Müde wandern wir durch den späten Abend. Wir reden nicht über das Erlebte.

Später, im Wegdämmern, wundere ich mich darüber, wie ein Haus sich innerhalb weniger Stunden so verändern kann.

Da stimmt doch etwas nicht.

Das Weinen des kleinen Mädchens begleitet mich in meinen tablettenunterstützten Schlaf.

ANGELA

Endlich schläft Laura.

Es hat gedauert, bis sie ruhiger wurde. Unermüdlich beteuerte sie, keiner optischen oder akustischen Halluzination auf den Leim gegangen zu sein.

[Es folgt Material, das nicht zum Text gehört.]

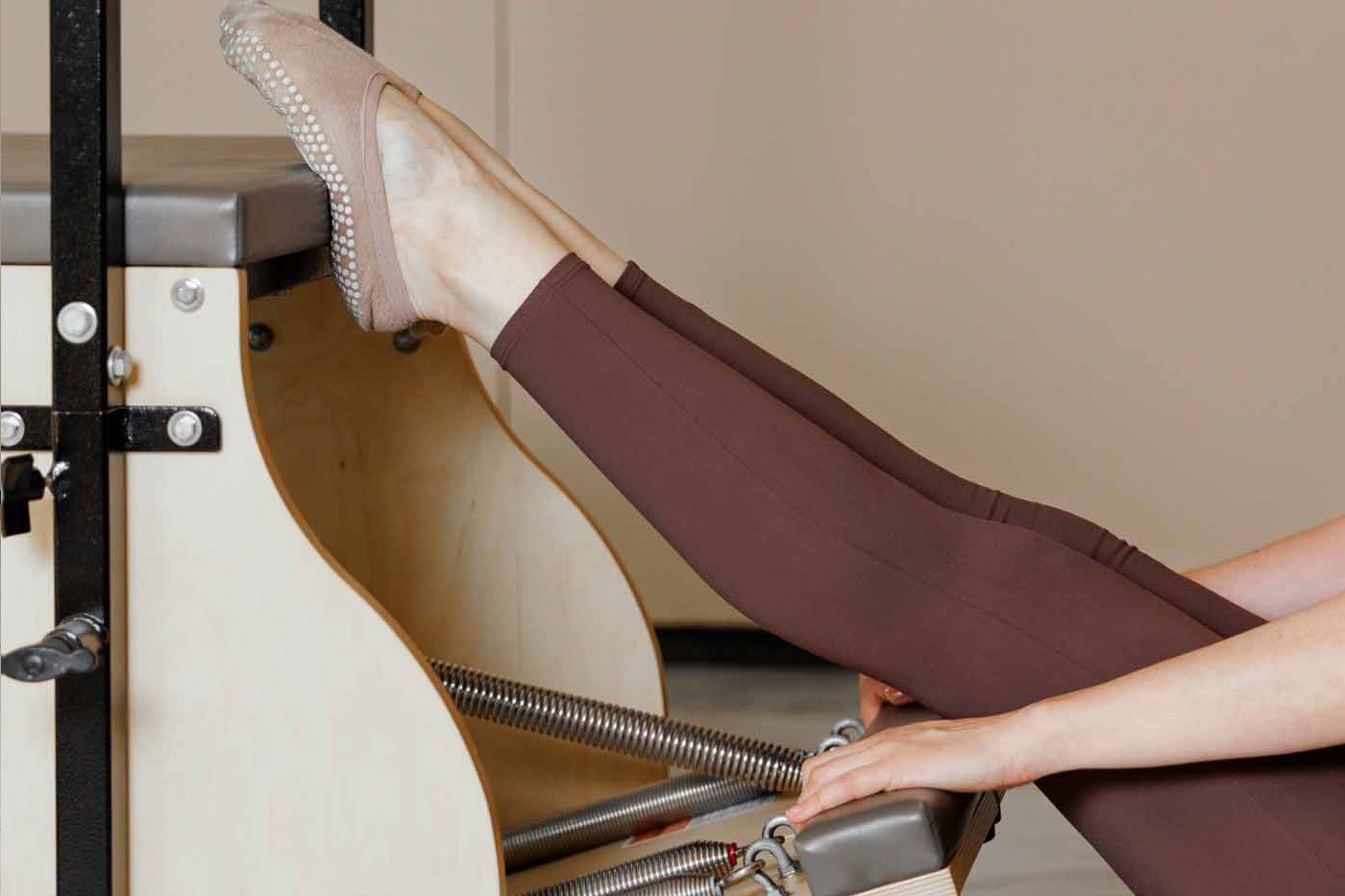 Pilates Stability Chair Nahaufnahme der Füße einer Person in Pilates-Socken auf dem Pedal eines Stability Chair, Hände stabilisieren die Federn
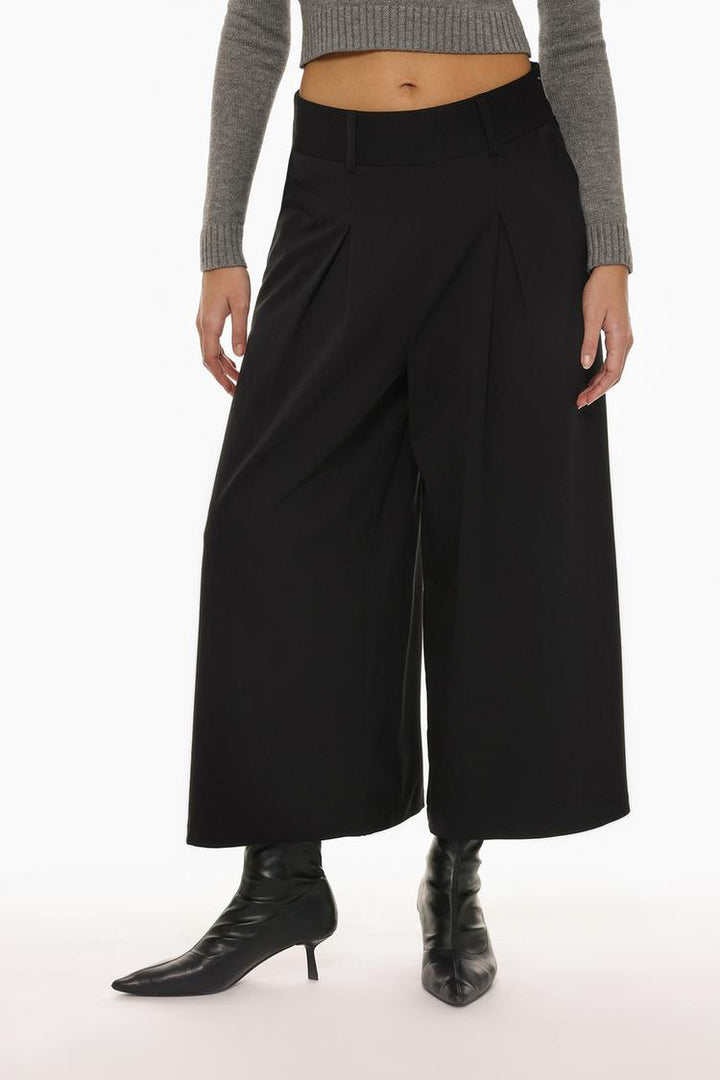 Front view of black culottes, showcasing the pleated detailing and relaxed fit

Meine arme kranke Tochter.

Ein kleines Mädchen mit Zöpfen. Porzellanfiguren, rosa Plüschhasen. Ein Mord. Und Blut. Dann eine wilde Flucht. Wie konnte es ihr gelingen, einem so brutalen Killer zu entkommen?

Ich unterdrücke meine Tränen.

Es passt alles haargenau zum Bild ihrer Erkrankung.

Warum habe ich sie dorthin begleitet?

Manchmal geht eine so gewaltige Energie von ihr aus, dass ich mich ihrem Sog nicht entziehen kann. Dabei will ich nichts anderes, als meine Kleine beschützen, sie vor großem Unheil bewahren.

Laura war als Kind anschmiegsam. Sie freute sich auf den ersten Schultag, verehrte ihre Klassenlehrerin, fand anfangs mühelos Zugang zur Gruppe der anderen Erstklässler. Doch schon damals war sie von einer gewissen Scheu geprägt, kam mit bestimmten Situationen nicht gut klar. Sie fürchtete sich zum Beispiel vor Puppen und ebenso vor der Toilette, musste dorthin begleitet werden. Ein Umstand, dem die anderen Schüler bald mit Hohn und Spott begegneten.

Manche Geräusche und Gerüche ließen sie erstarren. Gab es zu Mittag Gemüsesuppe, begann sie zu würgen. Bleich stand sie dann in einer Ecke des Raums, konnte niemandem erklären, was los war. Von den Mitschülern wurde sie da schon gemieden und von den Lehrern mit besonderer Vorsicht bedacht.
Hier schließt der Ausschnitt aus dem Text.